Could all of the entries be written out exactly, with any pictures omitted?

** Opening Provided records block **

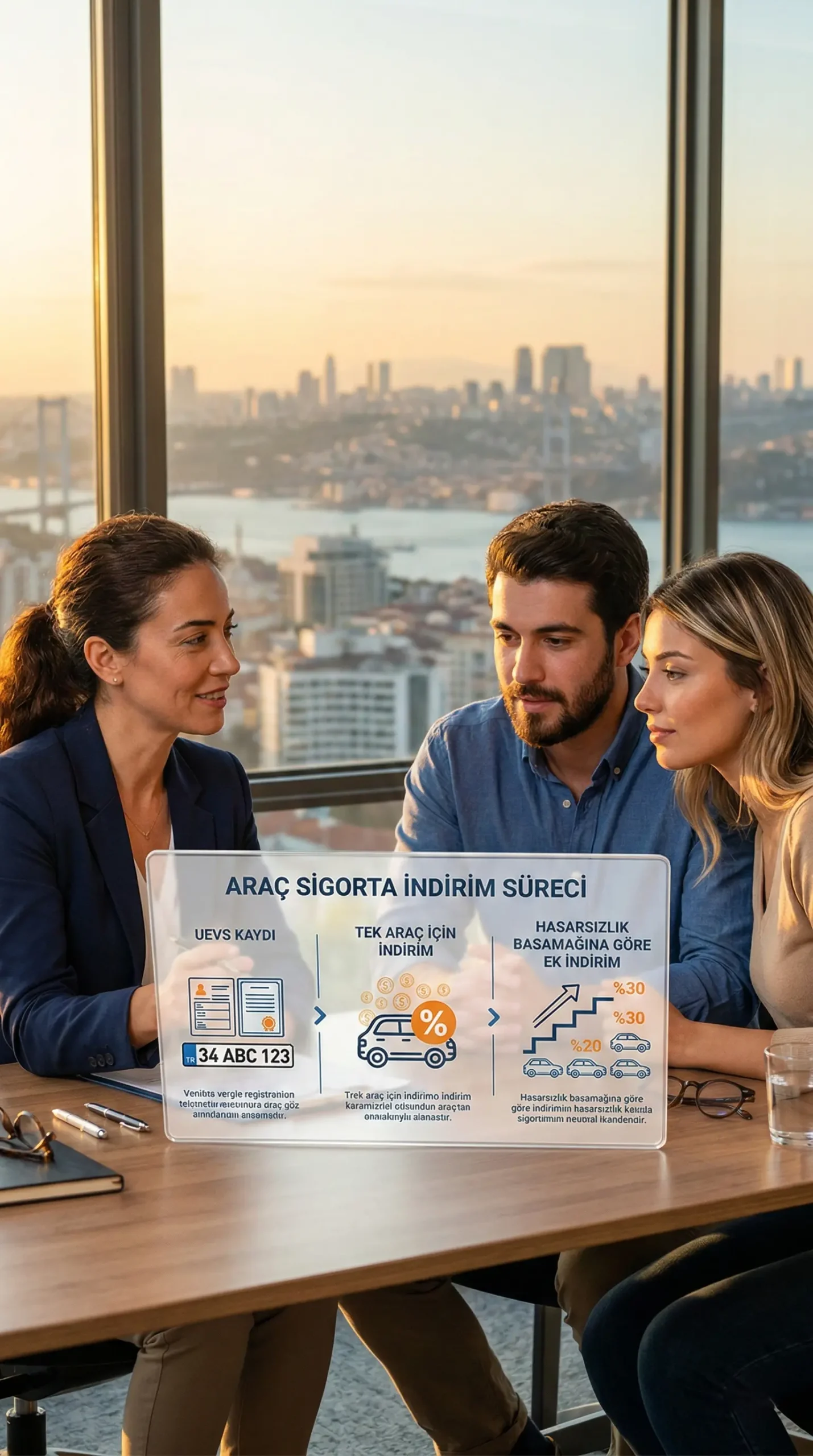 Engelli bireylere trafik sigortası için UEVS kaydı, tek araç için indirim ve hasarsızlık basamağına göre ek indirim sürecini gösteren infografik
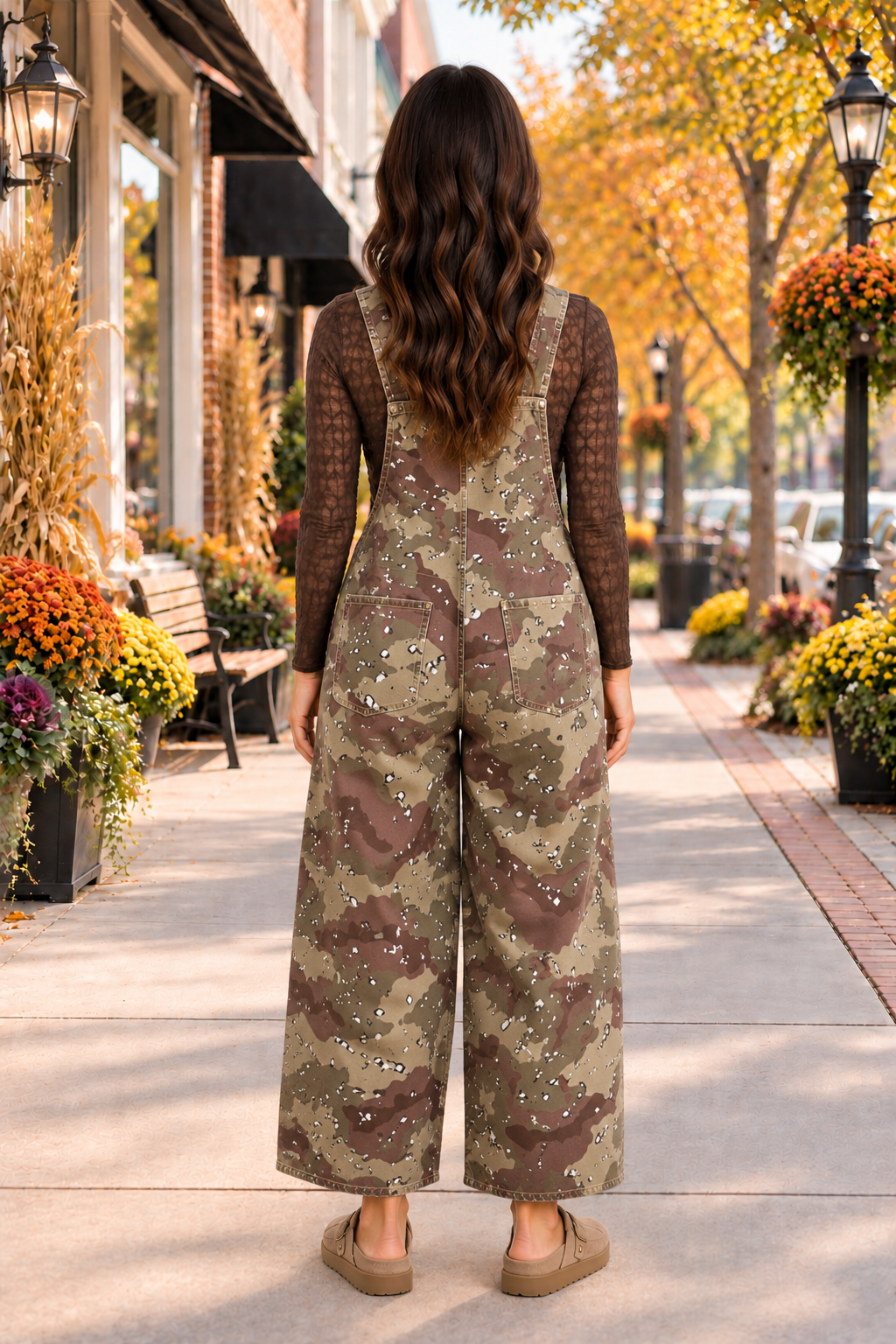 Back view of the Blending In Overalls in green and brown camouflage with adjustable straps, bib pocket, side buttons, and cropped wide legs.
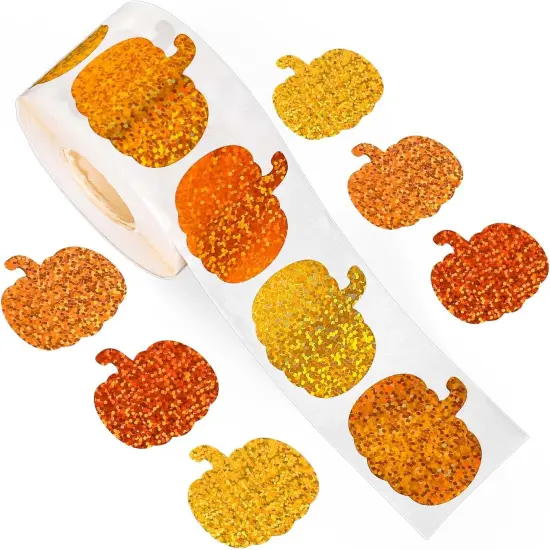 Pumpkin Stickers Roll Glitter Pumpkin {1}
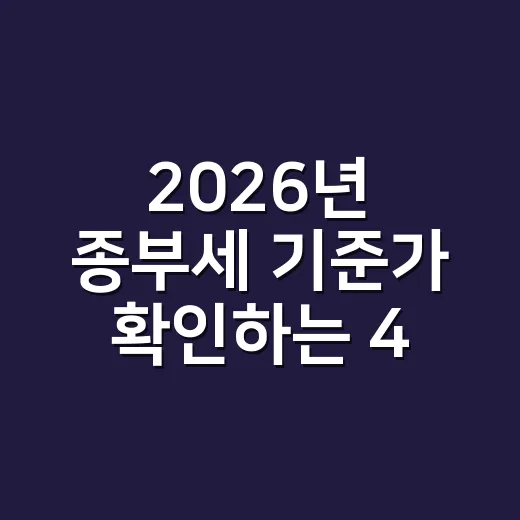 2026년 종부세 기준가 확인하는 4가지 순서 - 요약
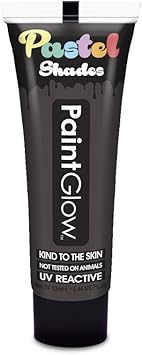 PaintGlow Neon UV Face Body Paint Pastel Colours Black 13ml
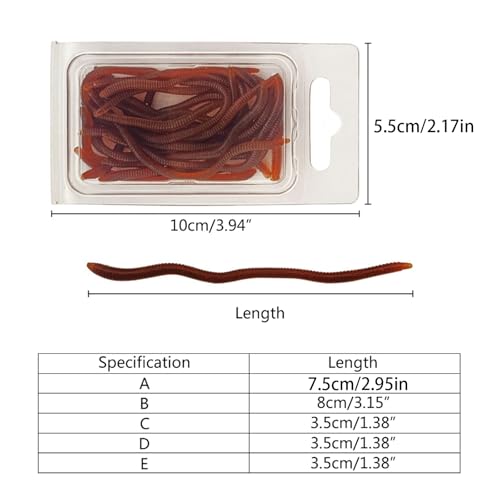 Lures Baits Soft Artificial Earthworm Freshwater Saltwater Bass Soft Lures Fishing Accessories Lifelike-Fake Bloodworm-grub - color: 10cm20 packs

** Closing Provided records block **

=== Response area ===
 Engelli bireylere trafik sigortası için UEVS kaydı, tek araç için indirim ve hasarsızlık basamağına göre ek indirim sürecini gösteren infografik
 Back view of the Blending In Overalls in green and brown camouflage with adjustable straps, bib pocket, side buttons, and cropped wide legs.
 Pumpkin Stickers Roll Glitter Pumpkin {1}
 2026년 종부세 기준가 확인하는 4가지 순서 - 요약
 PaintGlow Neon UV Face Body Paint Pastel Colours Black 13ml
 Lures Baits Soft Artificial Earthworm Freshwater Saltwater Bass Soft Lures Fishing Accessories Lifelike-Fake Bloodworm-grub - color: 10cm20 packs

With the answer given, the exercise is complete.